One of our major conventions concerns the physical world.  When, for example, our eyes tell us that we see two tree before us, one tall and the other short, we are curious to know whether the tree that appears to be short is really short, or whether it only appears to be short because it is further away.

We know much about space because we have followed up the apparent oddities of its appearance to us.  We feel that we know these apparent oddities well ; so now they are not often oddities at all, but conventional representations of the world.

We have developed fine measurements for space.  We know that we can locate an object in space by specifying just three measurements – length, breadth and height.  We call these the three dimensions of space.  And we can see along these dimensions at will.  We can see to the left and right of us ; we can see backwards and forwards of us ; and we can see above us and below.  And we can see as far as visibility allows.

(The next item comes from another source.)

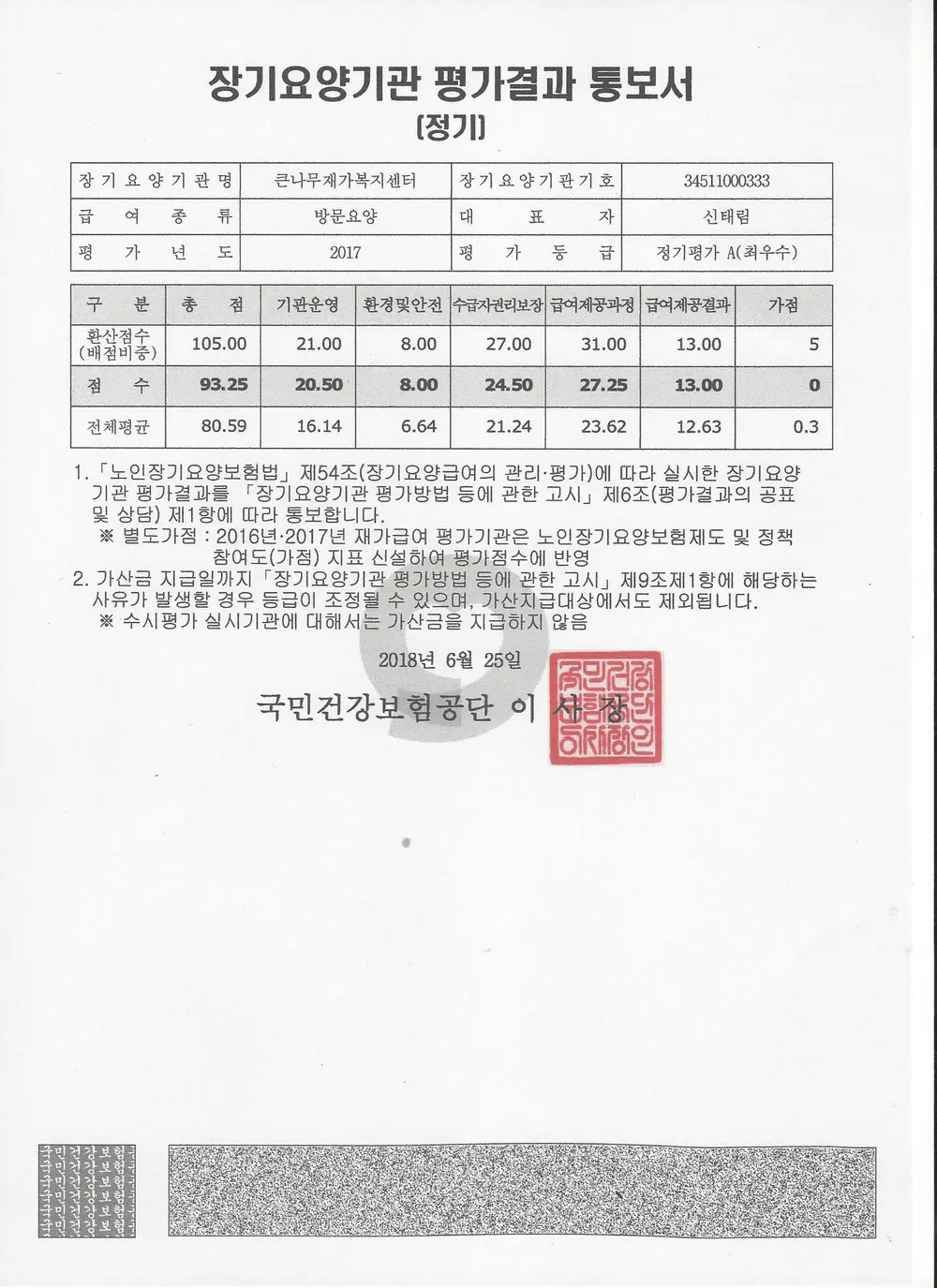 큰나무재가복지센터 사진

We also know that time is related to space ; we even call it a dimension.  But there is something apparently mysterious about time : in the ordinary sense, we cannot see along it.  If we wish to know what lies earlier in time, we must rely on our memories for what once was.  If we wish to know what lies later than us, we must use our imaginations to guess what might come to pass.

Of course, a short discussion of space and time must necessarily leave many matters unsaid.  But it’s interesting to meditate on Time ; and to wonder why it is so mysterious to our senses.

Why can we move freely in the three dimensions of space, yet only move ‘forward’ in time?  Why can we move at almost any speed in space, yet be confined to a fixed speed in time?

Are we really constrained to these limitations in moving in time?  Or is it our conventions about time that hold us back?

It is in this context that such things as precognitive dreams are so interesting.  Perhaps we know more than we can say about time.